If you read this blog regularly and have checked out Grain Into Gold, you understand that #1 - I like my treasure (OK, that’s probably more An Army’s Arms Thunder Doom and the Slyvanian Infantry) and #2 - I get caught up in economies. It’s probably because I spend my days up to my eyeballs in the modern economy, but I do spend my nights in Fletnern (or sometimes Tamriel or Azeroth).

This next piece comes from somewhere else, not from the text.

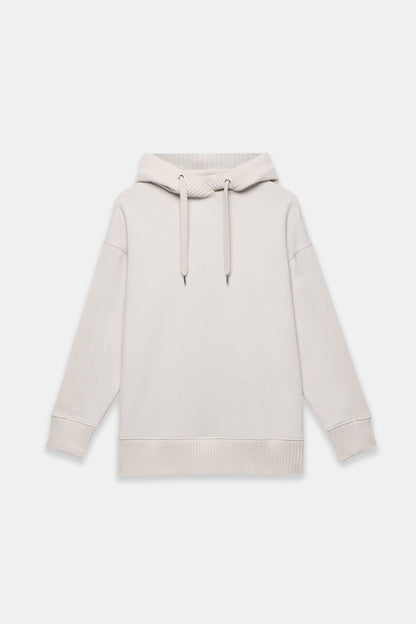 Cream Cotton Blend Hooded Sweatshirt
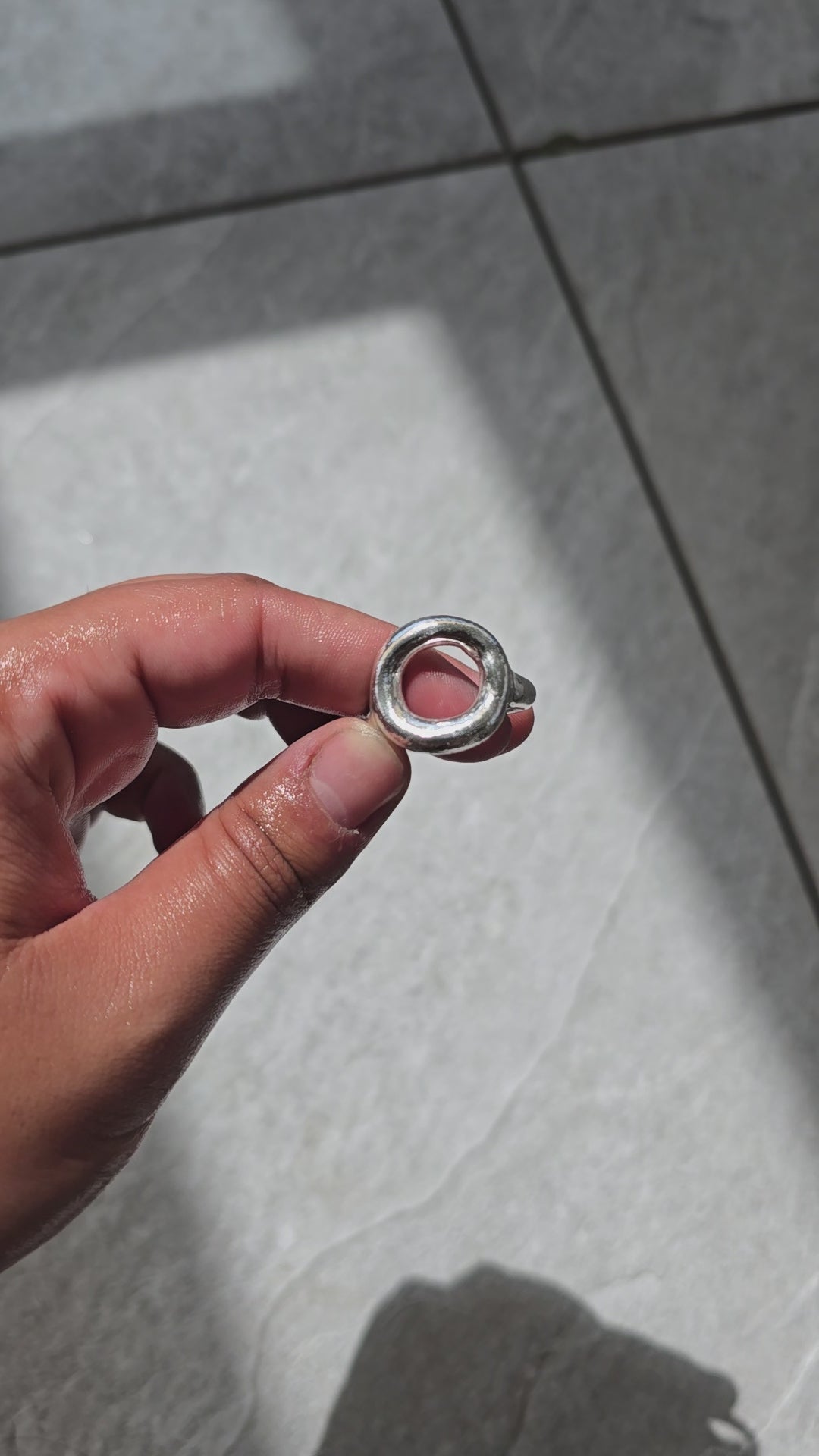 Bague en silver clay forme organique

So it shouldn’t come as a huge surprise that I was thinking about the Dutch Tulip Mania. If you don’t know what Tulip Mania is/was, it makes for interesting research. I wish universities taught stuff like this to students instead of politically correct classes, but I digress. Tulip Mania seems stupid to modern folks. Why would someone pay the equivalent of half a million dollars for a tulip bulb? Because other people had made huge amounts of money doing similar things. Just like nowadays any grandma can open her own store front on the internet, back in the 90s, people were investing enormous sums of money in the dot coms - most of which were a couple of idiots in their parent’s garage with a PC. Trust me - The dot com bubble of the 90s will be seen as insanely stupid by the next generation. I know guys who had no business day trading telling me (an actual trained and experienced investor) that I was an idiot for actually doing my job during the day. I lost nothing during the dot com crash.
But that is the issue isn’t it? It’s Gold Rush Fever. It’s why the Canadian and US governments had to stop people from going into the Klondike during its gold rush. You had guys from Texas and Oklahoma who were wandering around Alaska wondering how in the hell it could be this cold. While they were in Seattle, they weren’t the least bit worried - They had the coats they brought with them from home. They may have known how to mine, but they had no understanding of Alaska and what real cold is.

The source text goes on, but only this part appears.